Titles and abstracts of the identified studies were screened for eligibility by the two researchers independently. A list of references from relevant studies and systematic reviews was also screened. Disagreements were resolved by a third researcher and co-author (L.Z.).

Inclusion and exclusion criteria

Inclusion criteria for this review were: (1) studies involving adult participants; (2) utilization of MRI to assess IVDs; (3) application of DL methodologies with comprehensive data on segmentation performance; (4) acceptance of both retrospective and prospective study designs.

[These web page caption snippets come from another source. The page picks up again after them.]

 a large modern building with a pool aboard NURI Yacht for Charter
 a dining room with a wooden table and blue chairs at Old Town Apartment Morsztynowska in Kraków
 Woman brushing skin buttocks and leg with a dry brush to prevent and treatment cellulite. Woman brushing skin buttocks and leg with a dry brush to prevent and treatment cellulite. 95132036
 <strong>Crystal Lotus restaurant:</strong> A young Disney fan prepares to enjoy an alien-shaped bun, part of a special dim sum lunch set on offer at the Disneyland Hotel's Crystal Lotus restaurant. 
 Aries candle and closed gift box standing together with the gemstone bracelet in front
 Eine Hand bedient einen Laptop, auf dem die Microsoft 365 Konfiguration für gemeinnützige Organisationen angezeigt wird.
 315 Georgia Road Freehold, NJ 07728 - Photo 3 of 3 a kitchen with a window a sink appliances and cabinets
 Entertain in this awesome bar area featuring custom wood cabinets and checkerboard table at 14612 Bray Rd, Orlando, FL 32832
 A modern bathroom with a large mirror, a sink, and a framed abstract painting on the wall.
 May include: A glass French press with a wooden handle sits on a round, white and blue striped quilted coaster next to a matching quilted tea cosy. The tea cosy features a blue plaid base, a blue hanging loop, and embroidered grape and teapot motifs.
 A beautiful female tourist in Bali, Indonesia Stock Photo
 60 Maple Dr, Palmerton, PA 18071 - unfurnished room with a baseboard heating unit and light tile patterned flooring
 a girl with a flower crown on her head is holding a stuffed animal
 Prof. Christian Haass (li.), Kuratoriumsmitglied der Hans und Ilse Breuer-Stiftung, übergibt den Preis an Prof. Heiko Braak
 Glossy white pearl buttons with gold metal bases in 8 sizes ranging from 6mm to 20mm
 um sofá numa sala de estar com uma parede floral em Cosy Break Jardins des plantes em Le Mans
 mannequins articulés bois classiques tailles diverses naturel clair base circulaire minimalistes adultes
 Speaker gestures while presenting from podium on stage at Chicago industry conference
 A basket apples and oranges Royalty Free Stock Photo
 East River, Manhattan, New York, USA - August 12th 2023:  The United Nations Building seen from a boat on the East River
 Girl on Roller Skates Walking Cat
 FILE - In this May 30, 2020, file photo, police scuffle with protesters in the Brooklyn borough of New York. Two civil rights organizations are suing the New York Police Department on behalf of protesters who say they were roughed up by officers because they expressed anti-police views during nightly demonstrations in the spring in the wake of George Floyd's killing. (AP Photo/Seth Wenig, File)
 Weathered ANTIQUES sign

Exclusion criteria included: (1) reviews, letters, guidelines, editorials, or errata; (2) studies involving animals, cadavers, in vivo biomechanics, or patients with lumbar tumors or trauma; (3) studies with overlapping cohorts, which would be summarized but not included in meta-analyses; (4) use of other machine learning algorithms other than DL; (5) studies of low quality; and (6) non-English publications.

Quality assessment

The quality of included studies was assessed using the second version of the Quality Assessment Tool for Diagnostic Accuracy Studies (QUADAS-2) [20], which included four domains: patient selection, index test, reference standard, and flow and timing. For patient selection, the focus was on the inclusion of a well-defined patient population with clear criteria for inclusion and exclusion. For the index test, the explicit description of the DL algorithm for segmenting and evaluating IVDs was scrutinized. The reference standard domain evaluated the reliability of the ground truth determination through manual segmentation and quantitative measurement. The flow and timing domain assessed the clarity of the research flow [21].

Data extraction

The following variables were extracted and recorded: (1) study attributes, including the primary author, publication year, study design, and duration; (2) medical data, including patient count and object of the study; (3) characteristics of MRI scanning; (4) DL specifics including the algorithm framework, dataset partition, and data augmentation strategies; (5) performance metrics for IVD segmentation, including dice similarity coefficient (DSC) score, precision, recall, and Intersection over Union (IoU).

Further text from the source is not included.